I went to the post office today to mail a package. Weeks ago, I succumbed to a TV ad touting the benefits of a facial moisturizer/anti-aging solution guaranteed to rejuvenate and lift my skin. If for some reason I didn't like it, I could return the merchandise and pay only a small shipping fee. I figured why not. It wasn't the first time I've tried out merchandise this way and God knew my skin needed some rejuvenating. If it didn't work, I just had to be sure to cancel before the return deadline so my credit card wouldn't be charged the $79.95 + tax that the small jar of the magic goo costs. Fine. I could remember that. That's what post-it notes are for and magnets on my refrigerator.
So each morning and night no matter how rushed or tired or sleepy I was, I took the time to cleanse my face properly, use the free toner that accompanied the moisturizer, and smooth the miracle solution all over my face. Hope springs eternal indeed. Yesterday, I finally accepted the miracle wasn't working for me. My face was peeling, there were ugly red bumps on my skin and my face felt sticky in the evening. If "rejuvenation" meant I would be getting acne again at my age, I didn't need it.

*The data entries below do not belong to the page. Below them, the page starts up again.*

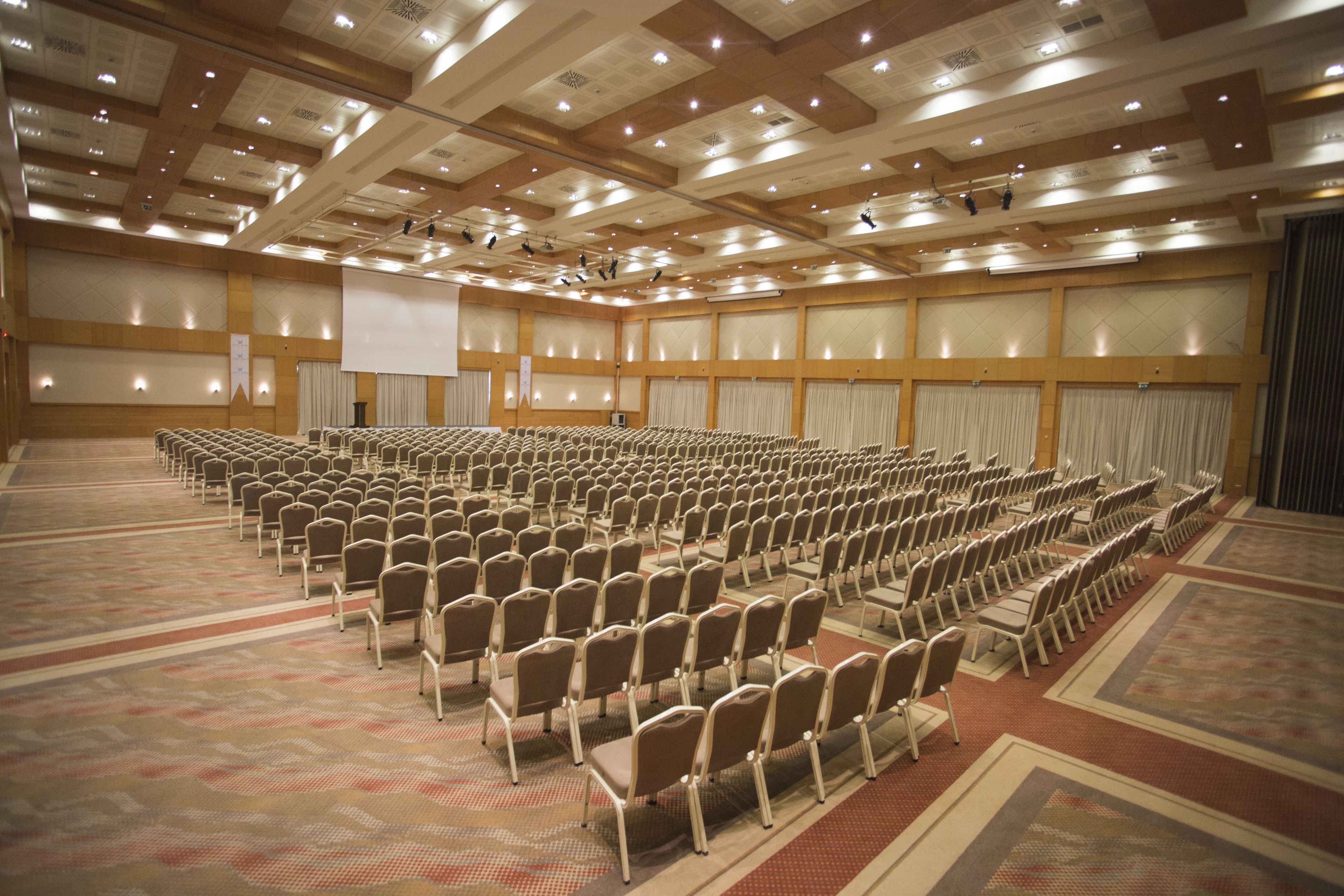 A large conference room with rows of chairs, a stage with a screen, and a carpeted floor.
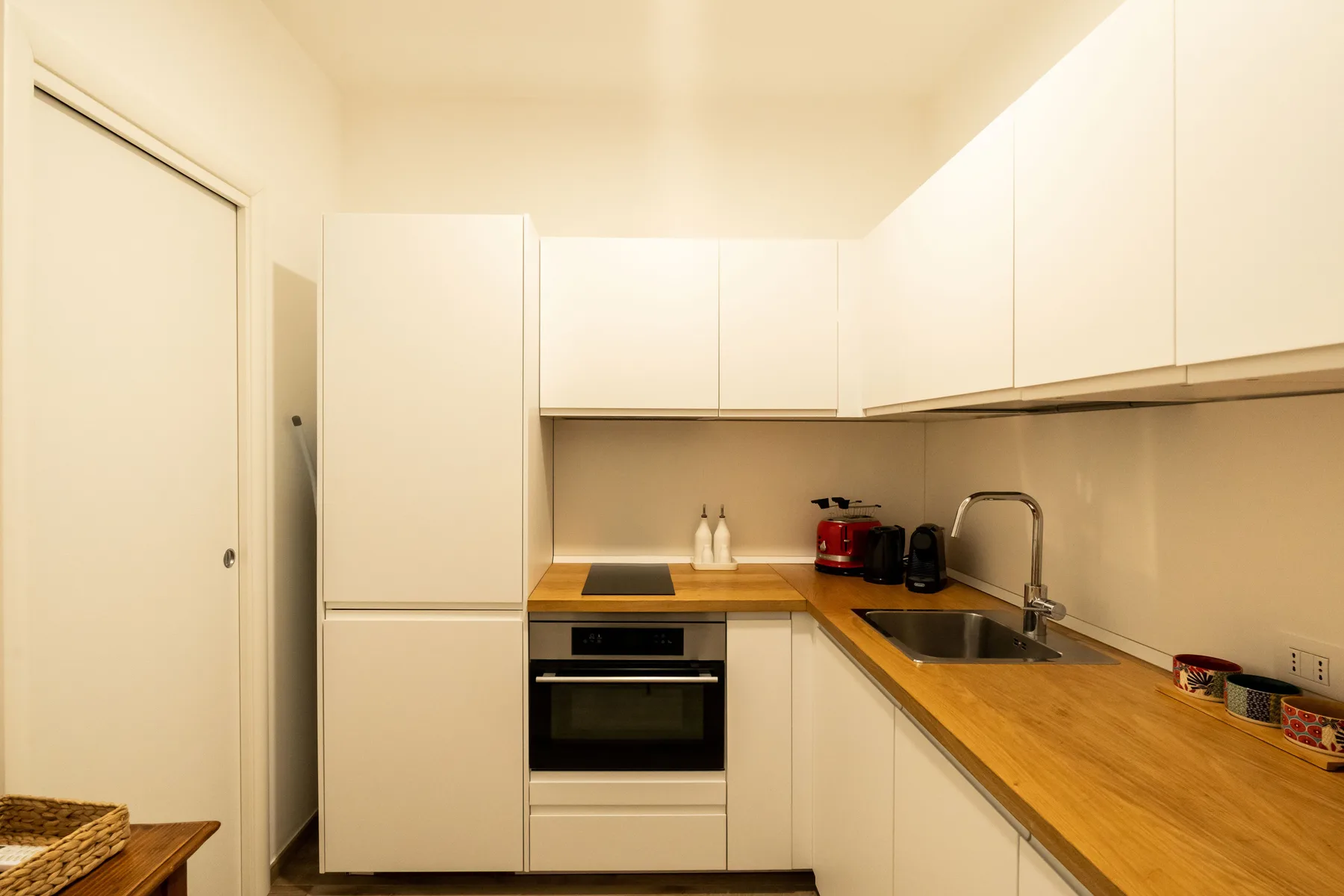 A compact kitchen with white cabinets, a built-in oven, and wooden countertops.
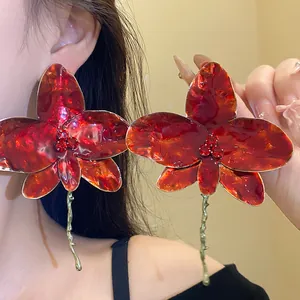 Dettaglio ravvicinato di grandi orecchini a orchidea in smalto rosso con strass chic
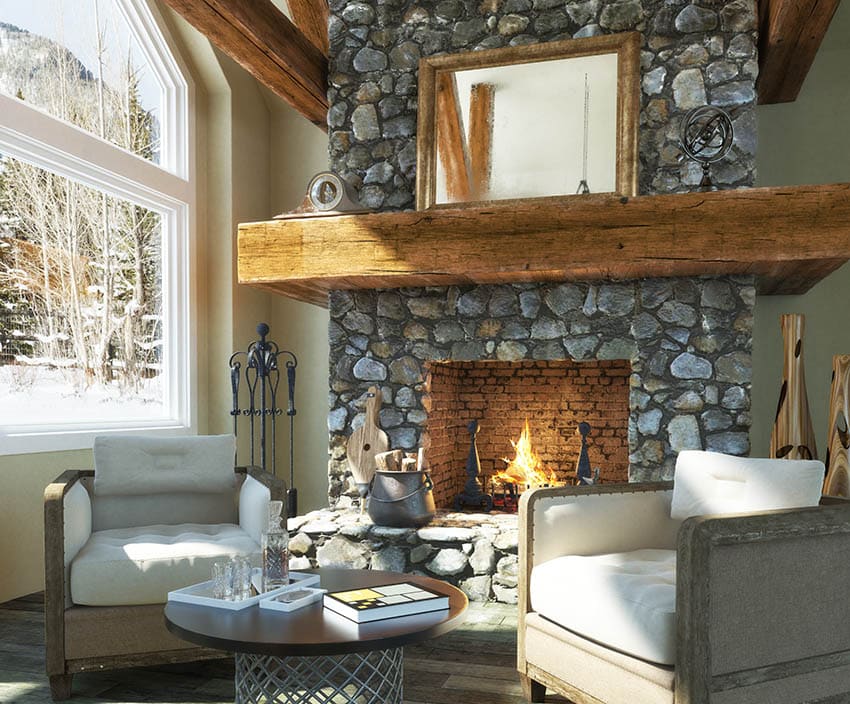 Rustic living room stone fireplace with wood mantel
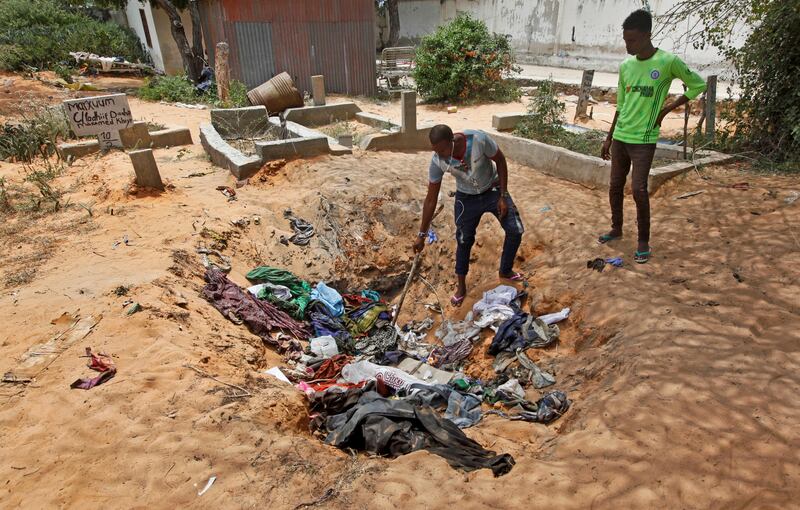 One man tried to find the clothes worn last worn by his missing sister in a pile of garments belonging to the victims of Saturday's attack in Mogadishu, Somalia. AP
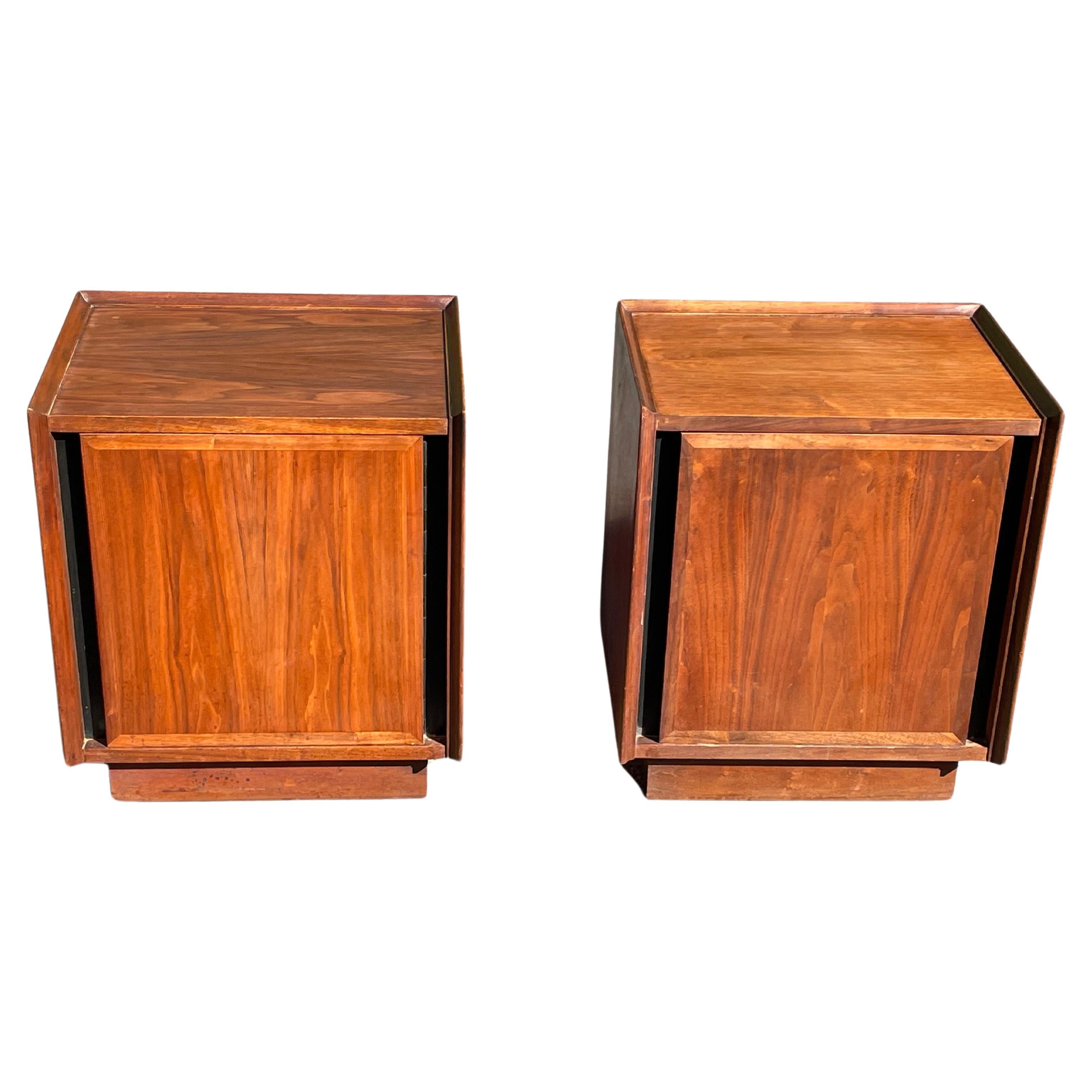 Pair of walnut nightstands by Merton Gershun for Dillingham, c.1960s, USA. The nightstands each feature a single door front with beveled sides. The hinged doors open to reveal a wide storage cabinet with pull-out white laminated drawers. The entire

So back to the post office. Before that of course I had to call the company, tell them I had decided to return the cream, explain why, say no to their offer of another product to try, get the return number and instructions for returning the blessed jar. Fine and dandy. I wrap the package carefully in bubble wrap, make sure the RMA number is prominently displayed, pulled out my debit card and drove to the post office. I felt so in control. I get in line, wait interminably for the lady ahead of me who was laboriously handwriting addresses to about a million envelopes and chatting up the mailman when she was done, I hand over the package, pull out my debit card, and realized I had my Macy's card, instead of my bank card.
Did I feel dumb? Yes. Before that point, I felt so in control and organized. I was sure I had covered all the bases, crossed all the T's and dotted all the I's. It was that last act of pulling out the wrong card that slew me. I got careless because in my mind, I had the project all wrapped up. Teaches you that in this life, sometimes it's the little things that trip you up.